A nivel celular, el sedentarismo disminuye la función mitocondrial —la capacidad de las células para producir energía— y reduce el uso de glucosa como combustible, lo que incrementa el riesgo de resistencia a la insulina. Este estado metabólico desfavorable afecta el sistema cardiovascular al aumentar la inflamación, los triglicéridos y el estrés oxidativo.
Incluso el sistema respiratorio se debilita. Los pulmones pierden capacidad para expandirse y las vías respiratorias no se abren completamente, lo que limita la entrada de oxígeno y hace que la sangre se oxigene menos. Esta baja oxigenación sostenida afecta al cerebro, al corazón y a los músculos, generando un círculo vicioso de cansancio y menor deseo de moverse.
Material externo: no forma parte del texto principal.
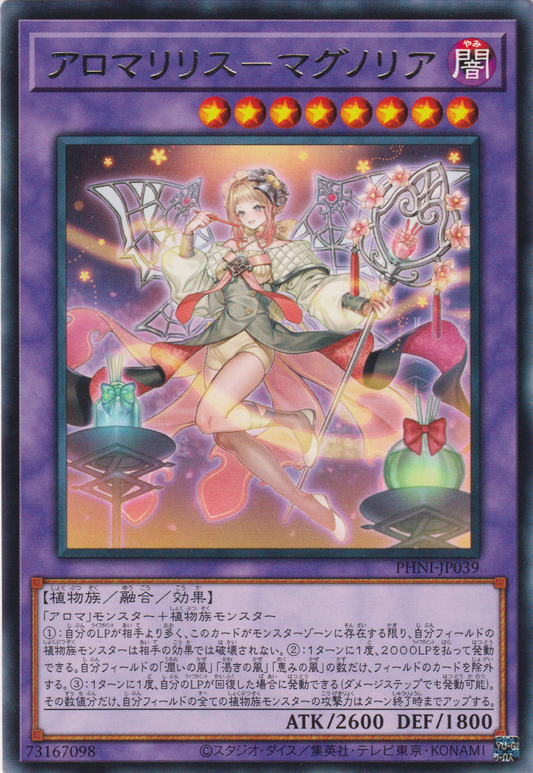 [遊戲王] 芳香魔女 木蘭 / アロマリリス－マグノリア / Aromalilith Magnolia-Trading Card Game-TCG-Oztet Amigo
La buena noticia es que este deterioro es reversible. Caminar 30 minutos al día, subir escaleras, estirar el cuerpo, practicar respiración profunda y hacer ejercicio moderado a intenso fortalece el corazón, mejora la elasticidad de las arterias, aumenta la oxigenación celular y reduce drásticamente el riesgo cardiovascular.
En conclusión, la falta de ejercicio no solo disminuye energía… debilita la oxigenación y compromete la salud del corazón.
Mover el cuerpo es darle aire, fuerza y vida a cada célula.
Porque el movimiento es uno de los medicamentos más poderosos que existen.